By default, VACUUM skips the sort phase for any table where more than 95 percent of the table's rows are already sorted. Skipping the sort phase can significantly improve VACUUM performance. In addition, in the delete phase VACUUM reclaims space such that at least 95 percent of the remaining rows are not marked for deletion. Because VACUUM is often able to skip rewriting many blocks that contain only a few rows marked for deletion, it usually needs much less time for the delete phase compared to reclaiming 100 percent of deleted rows. To change the default sort or delete threshold for a single table, include the table name and the TO threshold PERCENT parameter when you run VACUUM.

Note

The Amazon Redshift VACUUM command syntax and behavior are substantially different from the PostgreSQL VACUUM operation.

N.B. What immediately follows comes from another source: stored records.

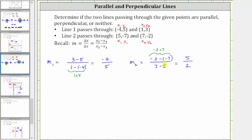Notice how m sub one and m sub two are negative reciprocals, and therefore the two lines are perpendicular. To find the negative reciprocal of negative two fifths, we interchange the numerator and denominator, and then change the sign, which does give us positive five halves.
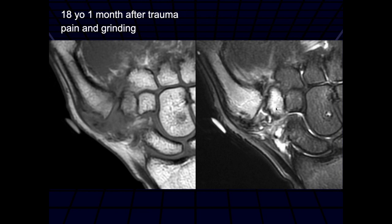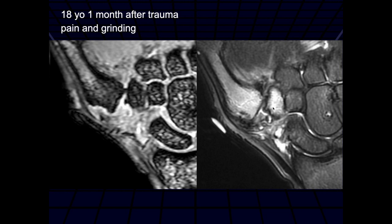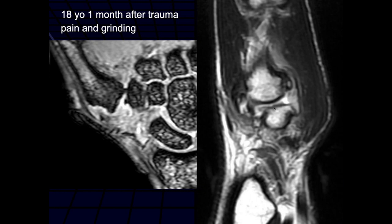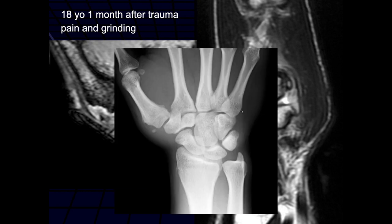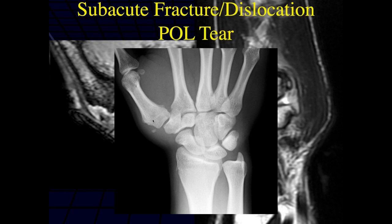18-year-old, one month after trauma, pain and grinding at the CMC joint. We're seeing a lot of edema and irregularity of the capsule, particularly the posterior capsule, with edema in the base of the metacarpal and the trapezium with some radial displacement of the first metacarpal. There's more irregularity on the posterior side — maybe a complete tear of the posterior oblique — and there's a small bony fragment there that looks well-ossified, so maybe it's pretty chronic.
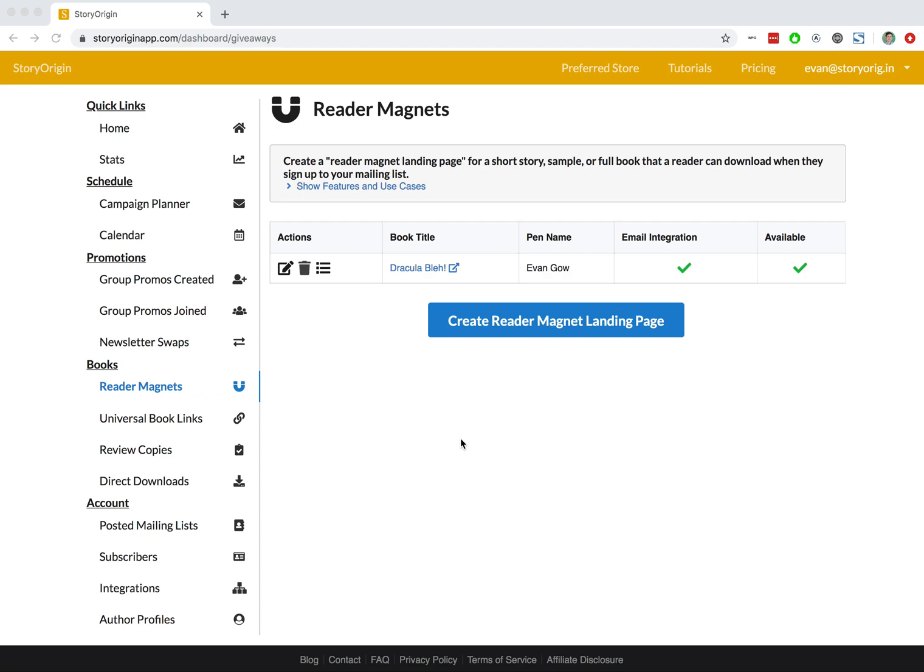Welcome to this tutorial on how to download your list of readers that have signed up for your reader magnet on Story Origin.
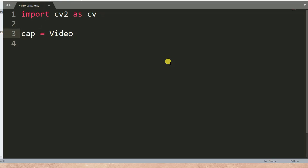`cv.VideoCapture`, then I put zero. Zero is the port number for your camera. I'm using a webcam, so you can try to put one, zero, or negative one according to the port number used by your camera. My webcam is using zero — this is the camera port number.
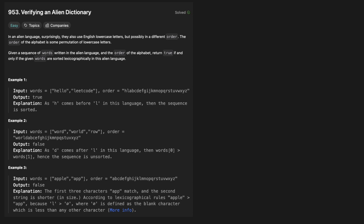Welcome back to the CrackingFan YouTube channel. Today we're solving LeetCode 953, verifying an alien dictionary.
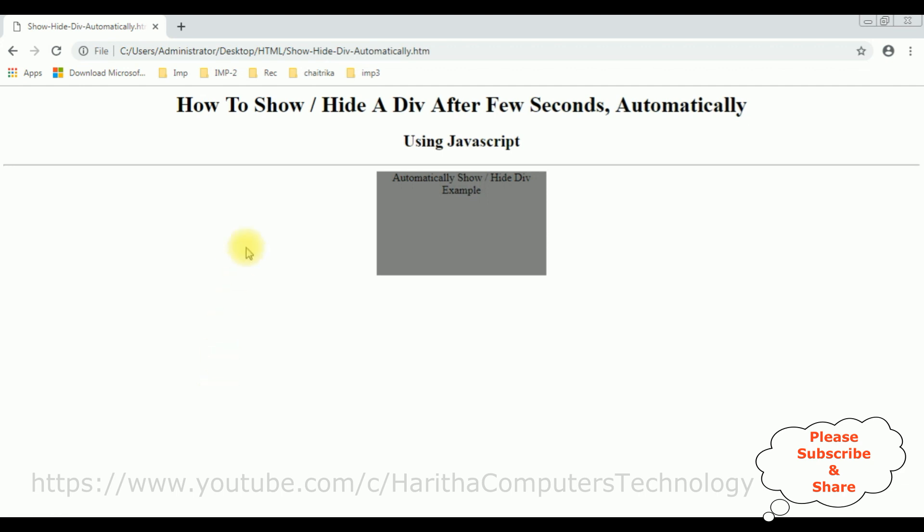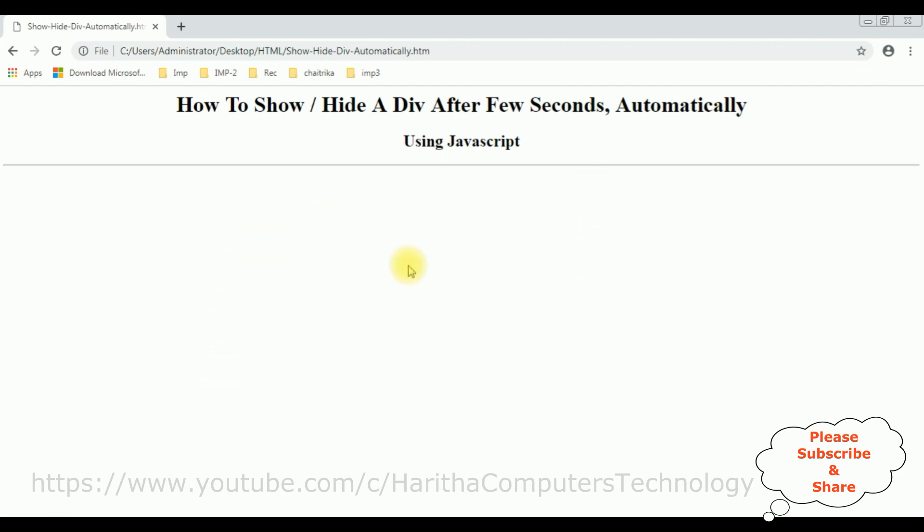See, after three seconds it's showing the div tag. It's gone after four seconds. That's it.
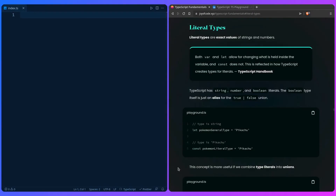So we have another spooky term here: literal types. Do I need a computer science degree? No, you do not, because literal types are really simple.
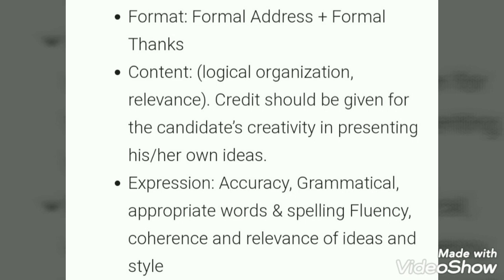The next aspect is fluency. The format includes: introduction, then causes, pros and cons, coherence and relevance of ideas, and style. You have to remember that your content must remain relevant, logical, and coherent. If you remember all these points, believe me, you can write a very good debate.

For example, the default VACUUM operation in Amazon Redshift is VACUUM FULL, which reclaims disk space and resorts all rows. In contrast, the default VACUUM operation in PostgreSQL simply reclaims space and makes it available for reuse.

For more information, see Vacuuming Tables.

Syntax

VACUUM [ FULL | SORT ONLY | DELETE ONLY | REINDEX ] 
[ [ table_name ] [ TO threshold PERCENT ] ]

Parameters

FULL

Sorts the specified table (or all tables in the current database) and reclaims disk space occupied by rows that were marked for deletion by previous UPDATE and DELETE operations. A full vacuum doesn't perform a reindex for interleaved tables. To reindex interleaved tables followed by a full vacuum, use the VACUUM REINDEX option.

By default, VACUUM FULL skips the sort phase for any table that is already at least 95 percent sorted. If VACUUM is able to skip the sort phase, it performs a DELETE ONLY and reclaims space in the delete phase such that at least 95 percent of the remaining rows are not marked for deletion.  

If the sort threshold is not met (for example, if 90 percent of rows are sorted) and VACUUM performs a full sort, then it also performs a complete delete operation, recovering space from 100 percent of deleted rows.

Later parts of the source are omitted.